Tak ingin wawancaranya gagal, Syamsuddin mencoba menjelaskan bahwa ponsel yang digunakan mampu menghasilkan rekaman berkualitas tinggi. Namun, penjelasannya tidak diterima baik oleh narasumber.
Sampai anak buahnya, anggota lantas Polda, datang dan membisikkan kepada Syam dan bilang, “Sudah, tidak usah dibantah,”
Cerita di atas, bagi pekerja media, tentu agak memilukan.
Saya jadi teringat Film berjudul Nightcrawler yang pernah saya tonton. Dibintangi Jake Gyllenhaal. Film bergenre thriller kriminal garapan sutradara Dan Gilory yang rilis pada 2014 silam. Nightcrawler berkisah tentang pria bernama Louis Bloom atau Lou (Jake Gyllenhaal) yang tengah kesulitan mencari pekerjaan. Hingga suatu ketika ia melihat sebuah insiden tabrakan mobil di jalan.
Seorang fotografer lepas terlihat sibuk mengabadikan kejadian nahas itu melalui kameranya. Lou lantas berkenalan dengan fotografer yang diketahui bernama Joe Loder (Bill Pixton) ini. Joe menjelaskan bahwa ia bekerja dengan menjual hasil rekaman kejadian-kejadian tragis seperti kecelakaan, kebakaran, dan lainnya kepada kantor berita lokal. Lou pun tertarik pada pekerjaan yang disebut dengan Nightcrawler ini.
Dengan menjual sepeda curian, Lou membeli beberapa peralatan untuk memulai pekerjaan barunya. Bekerja sebagai Nightcrawler ternyata tidak mudah karena Lou harus menjadi orang pertama yang datang ke lokasi kejadian, bahkan sebelum polisi. Lou juga harus bisa mengambil foto atau video menggunakan angle yang menarik.
Lou memang akhirnya punya peralatan canggih dan bisa bikin semacam firma “Kantor Berita Swasta”. Sayang, pekerjaannya dilakukan secara ngawur. Dia sering rekayasa peristiwa. Tidak peduli etika jurnalistik. Yang dipikirnya, punya konten bagus, eksklusif, dan ini yang penting, bisa dijual dan dapat uang.
Dua cerita di atas saya kira sedikit bisa membolak-balik cara pandang kita. Tak selamanya, dengan device (perangkat) yang sederhana, tak bisa menghasilkan karya yang bagus. Sebaliknya, dengan device (peralatan) yang canggih belum tentu juga bisa menghasilkan karya yang menawan dan sesuai standar jurnalistik.

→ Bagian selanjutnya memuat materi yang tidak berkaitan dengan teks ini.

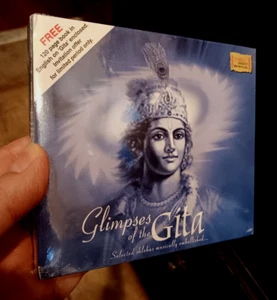 Self Help; Glimpses of the Gita shlokas musically embellished audiobook 2004 NEW - Picture 1 of 2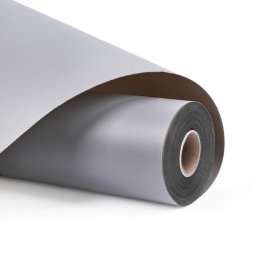 Vinyl adeziv permanent, gri deschis mat, 30,5 x 180 cm, LOKLiK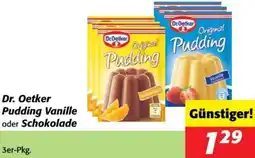 Nah&Frisch Pudding Vanille oder Schokolade Angebot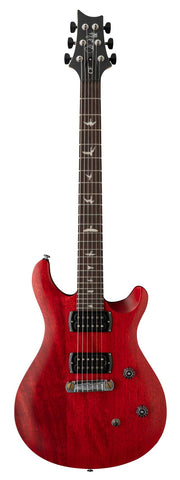 PRS GUITARS SE CE24 STANDARD SATIN STOPTAIL VINTAGE CHERRY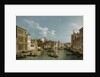 Grand Canal from Palazzo Flangini to Palazzo Bembo, c.1740 by (1697-1768) Canaletto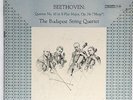 BEETHOVEN Budapest String quartet No 10 in E-flat Major Columbia 6 eye Stereo NM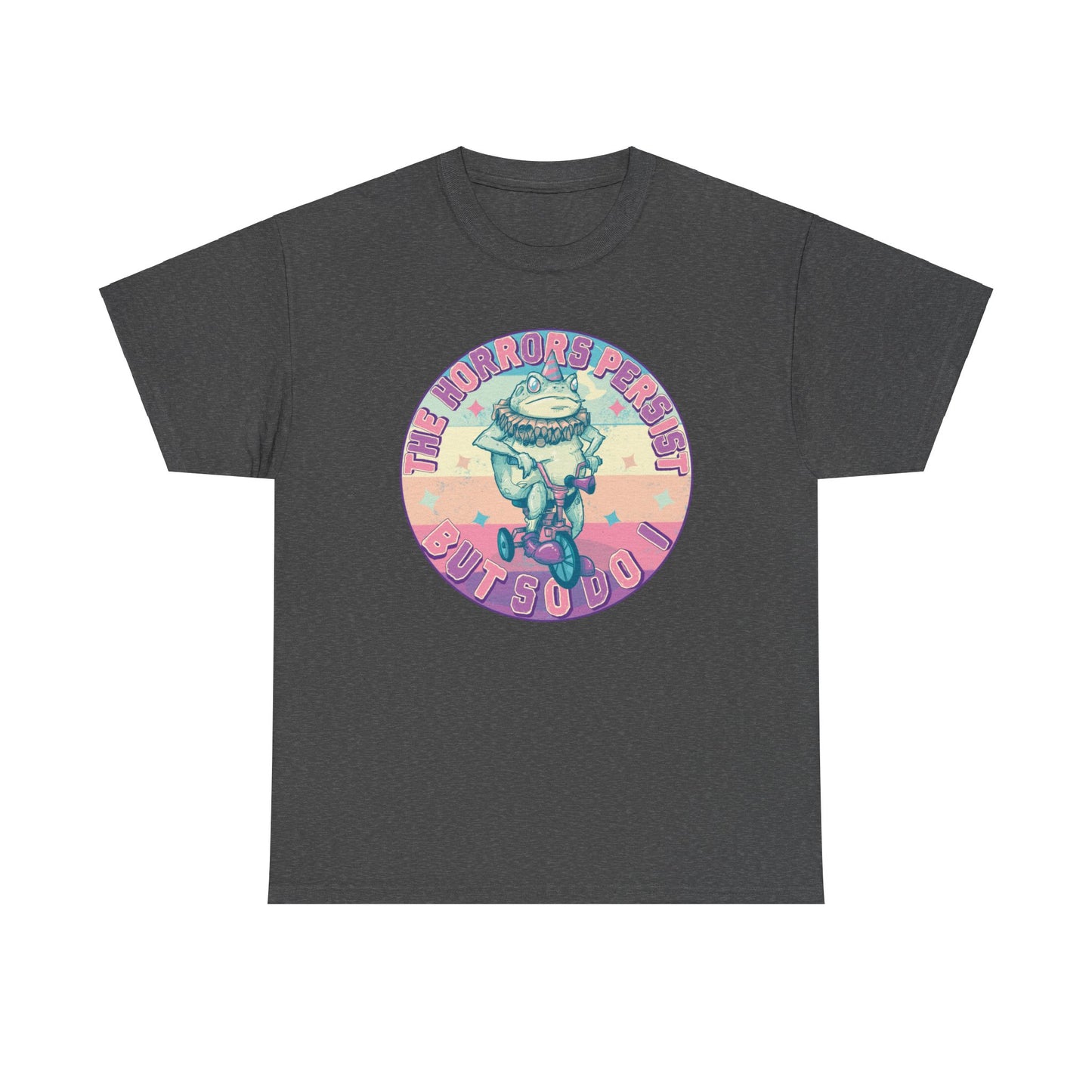 The Great Clown Frog Unisex Heavy Cotton Tee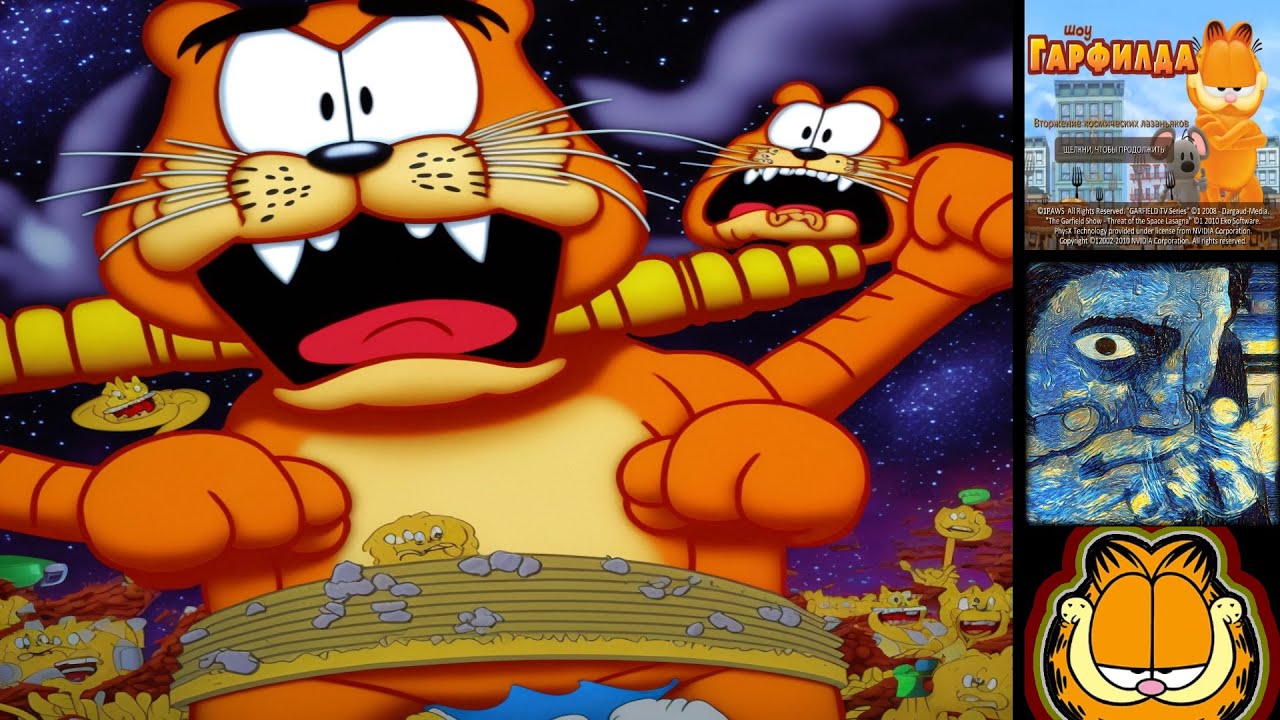 The Garfield Show Threat Of The Space Lasagna The Garfield Show: Threat of the Space Lasagna - Comrade Garfield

Tapi di dunia penuh flexing, pencitraan dan gaya-gayaan ini, memang hal-hal konyol tak bisa dihindarkan. Sama dengan cerita seorang kawan yang menceritakan kelakuan kawannya di kantor, pemilik Macbook Pro. Pada suatu senja.
“Bro geser dulu laptopnya mau ada perbaikan tempat,”
“Halo bro, sorry ini bukan laptop tapi Macbook”
“Iya geser dulu sebentar laptopnya,”
“Denger ya bro, ini Macbook, bukan laptop”.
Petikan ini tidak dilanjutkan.